:: Exercise ::
In the records below, find the line containing "10Pcs 10 Colors" and return it together with every later line, exactly as written; pictures are to be omitted.

:: Data section ::
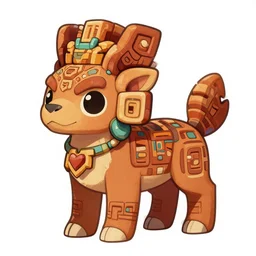 totem animal totem aztek greeble tribal style dofus heartstone ornate fantasy dofus by Krzysztof Maziarz fanart artstation afrika mask color heart gemstone radiating a glowing aura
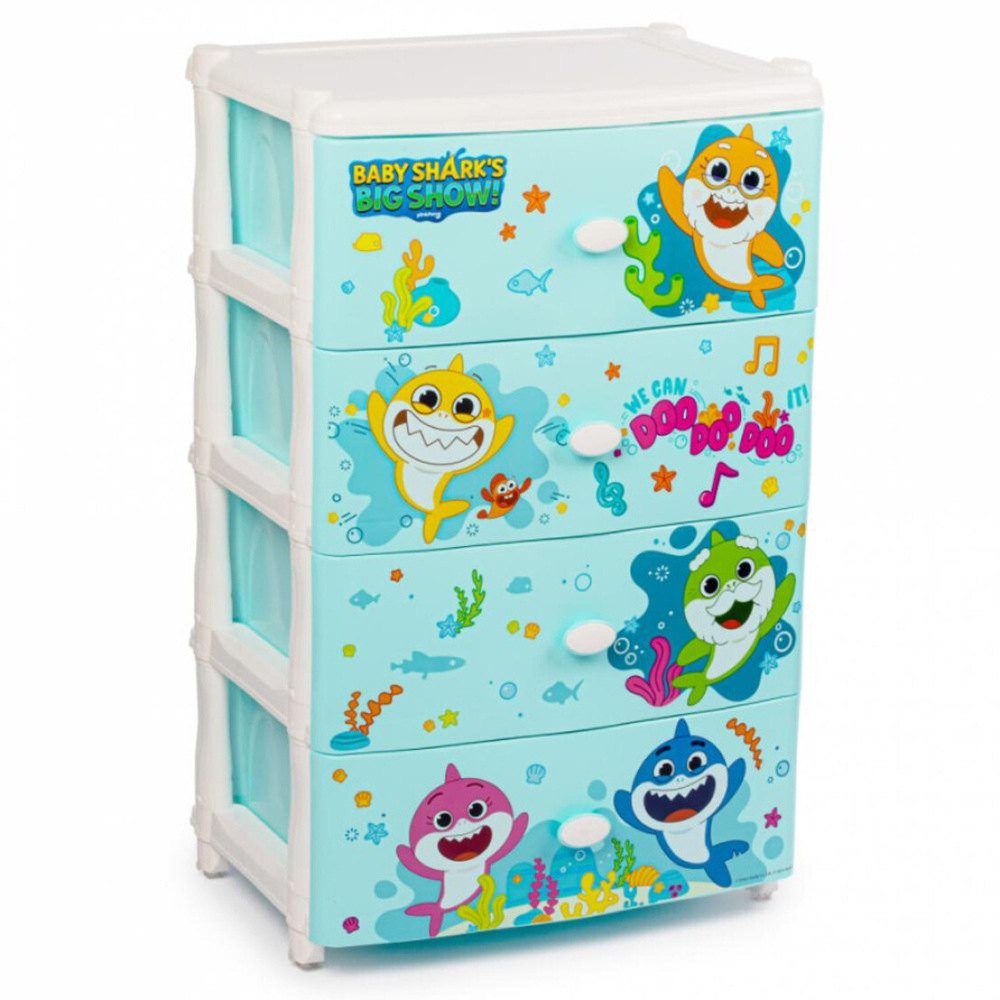 КОМОД ШИРОКИЙ BABY SHARK BIG SHOW АЛЬТЕРНАТИВА М8492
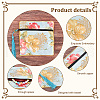   10Pcs 10 Colors Retro Square Cloth Zipper Pouches ABAG-PH0001-31-4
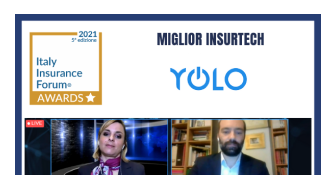 Italy Insurance Awards, Yolo premiata come “Best Insurtech”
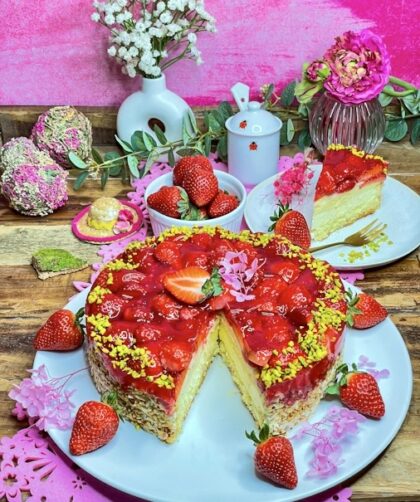 Erdbeertorte mit Buttercreme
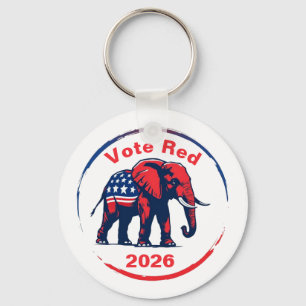 Vote Red 2026 Key Ring
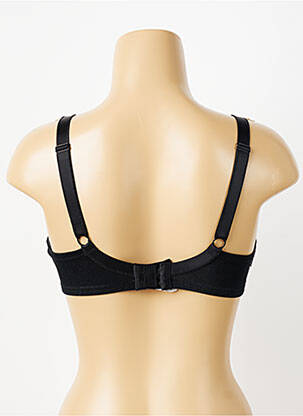 Sutien efect material satinat sutien balconet cu decolteu înalt negru CHANTELLE femeie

:: Expected answer ::
   10Pcs 10 Colors Retro Square Cloth Zipper Pouches ABAG-PH0001-31-4
 Italy Insurance Awards, Yolo premiata come “Best Insurtech”
 Erdbeertorte mit Buttercreme
 Vote Red 2026 Key Ring
 Sutien efect material satinat sutien balconet cu decolteu înalt negru CHANTELLE femeie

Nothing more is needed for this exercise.